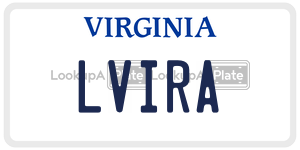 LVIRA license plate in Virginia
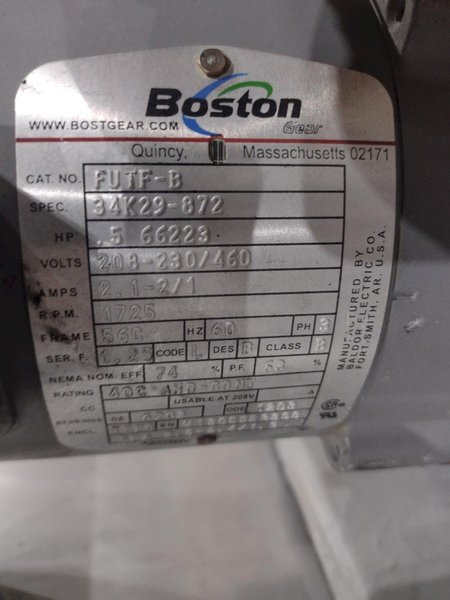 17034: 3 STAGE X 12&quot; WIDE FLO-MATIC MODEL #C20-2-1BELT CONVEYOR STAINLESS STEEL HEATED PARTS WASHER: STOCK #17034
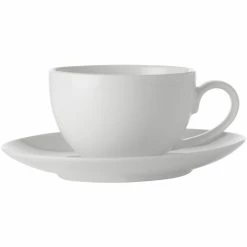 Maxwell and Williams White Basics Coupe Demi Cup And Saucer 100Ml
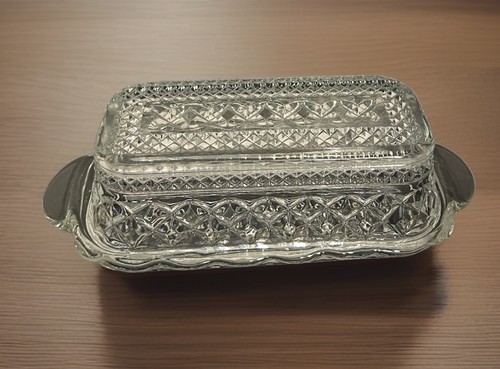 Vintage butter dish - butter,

★ ★ ★ ★

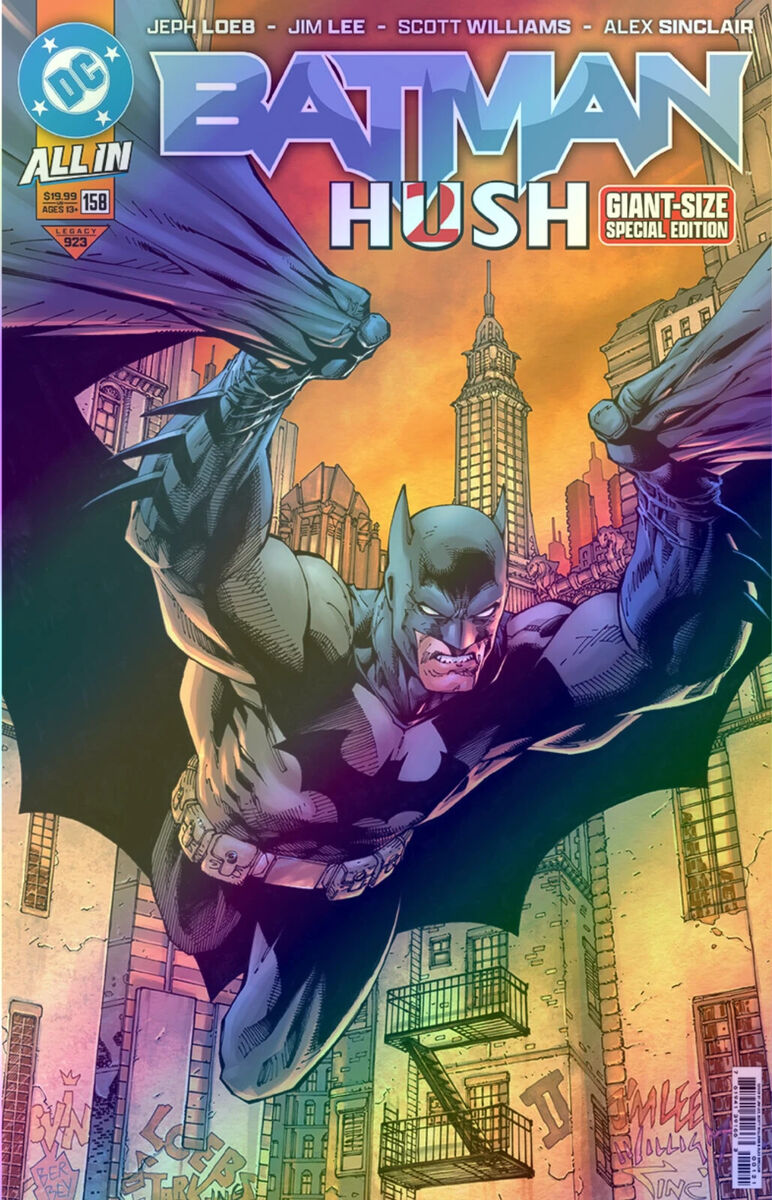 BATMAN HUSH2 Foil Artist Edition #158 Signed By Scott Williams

★ ★ ★ ★

Starting at the line above that has "LVIRA license plate in Virginia" and ending at the line that has "Vintage butter dish", copy each line exactly, leaving the pictures out and adding nothing.

◆ Finished task:
 LVIRA license plate in Virginia
 17034: 3 STAGE X 12&quot; WIDE FLO-MATIC MODEL #C20-2-1BELT CONVEYOR STAINLESS STEEL HEATED PARTS WASHER: STOCK #17034
 Maxwell and Williams White Basics Coupe Demi Cup And Saucer 100Ml
 Vintage butter dish - butter,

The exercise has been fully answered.